Rapazes e raparigas de Portugal: levantai os olhos e vede “a seara loirejante para a ceifa”, à espera de braços para o “trabalho”.

5. Falámos do sacerdócio, da vida religiosa e do trabalho missionário, como formas de vocação que têm importância particular em ordem à evangelização, e pelas quais a Igreja reza de modo especial. Sente-se chamada a esta oração pelas palavras do Senhor: “pedi, portanto, ao dono da messe que mande trabalhadores para a sua messe” (Lc 10,2).

Mas as palavras do Senhor Jesus acerca da “messe grande” e dos trabalhadores, devemos entendê-las num sentido ainda mais fundamental e, ao mesmo tempo, mais amplo do que o indicado pelos géneros de vocações na Igreja que acabamos de mencionar.

Falando da “messe”, da “messe grande” e dos “trabalhadores”, Cristo quer, antes de mais, fazer compreender aos seus ouvintes que o “Reino de Deus”, isto é, a “salvação”, é a grande tarefa de todo o homem. Cada pessoa deve sentir-se “trabalhador”, protagonista da própria salvação: o trabalhador que é chamado para a “messe”. Cada pessoa deve “ganhar” honestamente esta salvação. E isto é essencial também para toda a obra da evangelização.

“Messe” que dizer, portanto, realizar em si próprio a missão de evangelizar. Cada pessoa é chamada pela palavra de Deus a este género de trabalho; é chamado em especial cada jovem – rapaz ou rapariga. Não podemos evangelizar os outros, se primeiro não estamos nós evangelizados. Não podemos colaborar na salvação dos outros, se primeiro não entramos nós pelos caminho da salvação.

865 Encetámos esta caminhada da salvação no dia do nosso Baptismo, quando, renunciando ao mal, escolhemos o bem, em Jesus Cristo; começamos a viver a Vida Nova, fruto da sua Morte e Ressurreição. Esta Vida deve desenvolver-se sempre. Para isso, Ele ficou connosco, na Igreja: ficou especialmente nos Sacramentos; ficou na Eucaristia e na Penitência.

Vós todos, vós amigos jovens, apreciais estas fontes da Vida? Sabeis corresponder ao convite de Jesus – o Pão da Vida! – participando conscientemente na Eucaristia, com o desejo de viver em plenitude, de vencer o mal e alcançar o bem? E, quando é necessário, por causa do pecado, da imperfeição ou da fraqueza, sabeis trilhar o caminho da conversão e da reconciliação, buscando o sacramento da Penitência, o perdão e a Vida?

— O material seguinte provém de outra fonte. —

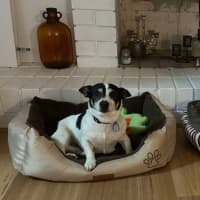 Photo of Oreo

Formai a vossa consciência e sede fiéis ao Senhor, que ama e perdoa!

6. À medida que empreendemos o “trabalho em nós próprios”, vemos claramente que não podemos ser “trabalhadores da própria salvação”, sem pensarmos simultaneamente nos outros. O problema da própria salvação está ligado organicamente à questão da salvação dos outros. E também isto é essencial para a evangelização.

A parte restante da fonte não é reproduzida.